* **EXERCISE DIRECTIONS**: Records follow. Print exactly the lines from the one that has "Aprilaire is committed" through the one that has "These are really", inclusive, and omit the pictures.

Segment Start: ENTRIES SUPPLIED

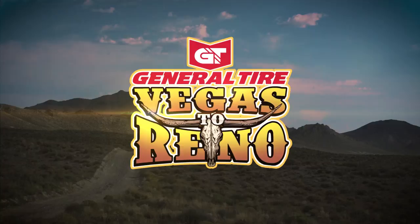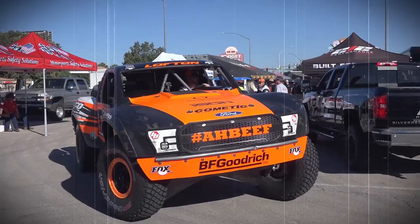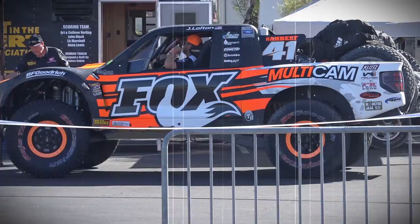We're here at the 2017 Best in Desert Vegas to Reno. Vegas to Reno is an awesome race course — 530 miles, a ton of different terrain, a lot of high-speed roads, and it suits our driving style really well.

Segment End: ENTRIES SUPPLIED
Segment Start: ENTRIES SUPPLIED

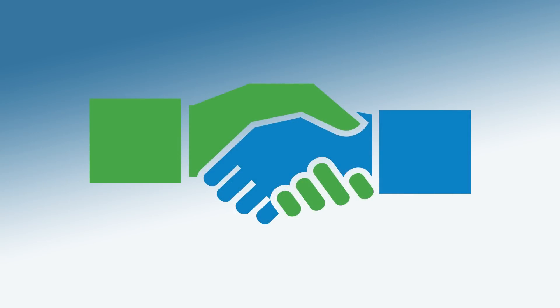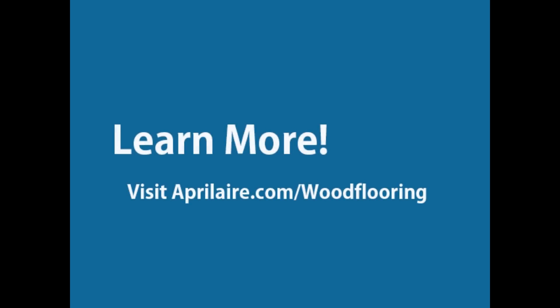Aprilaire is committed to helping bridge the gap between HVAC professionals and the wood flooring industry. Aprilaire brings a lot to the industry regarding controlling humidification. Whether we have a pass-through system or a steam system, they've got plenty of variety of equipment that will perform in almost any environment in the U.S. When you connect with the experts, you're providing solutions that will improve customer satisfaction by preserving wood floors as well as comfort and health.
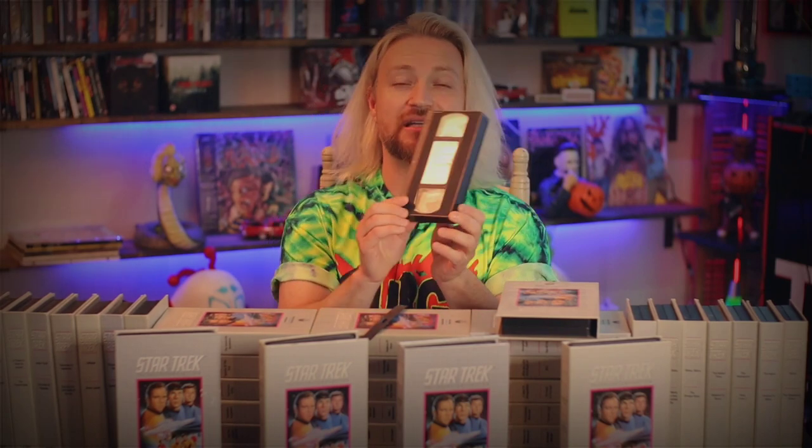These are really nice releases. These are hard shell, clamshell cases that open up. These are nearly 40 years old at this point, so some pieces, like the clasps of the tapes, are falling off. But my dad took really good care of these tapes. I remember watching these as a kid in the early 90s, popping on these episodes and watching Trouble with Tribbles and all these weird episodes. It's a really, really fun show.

Segment End: ENTRIES SUPPLIED

* **EXERCISE SOLUTION**:
Aprilaire is committed to helping bridge the gap between HVAC professionals and the wood flooring industry. Aprilaire brings a lot to the industry regarding controlling humidification. Whether we have a pass-through system or a steam system, they've got plenty of variety of equipment that will perform in almost any environment in the U.S. When you connect with the experts, you're providing solutions that will improve customer satisfaction by preserving wood floors as well as comfort and health.
These are really nice releases. These are hard shell, clamshell cases that open up. These are nearly 40 years old at this point, so some pieces, like the clasps of the tapes, are falling off. But my dad took really good care of these tapes. I remember watching these as a kid in the early 90s, popping on these episodes and watching Trouble with Tribbles and all these weird episodes. It's a really, really fun show.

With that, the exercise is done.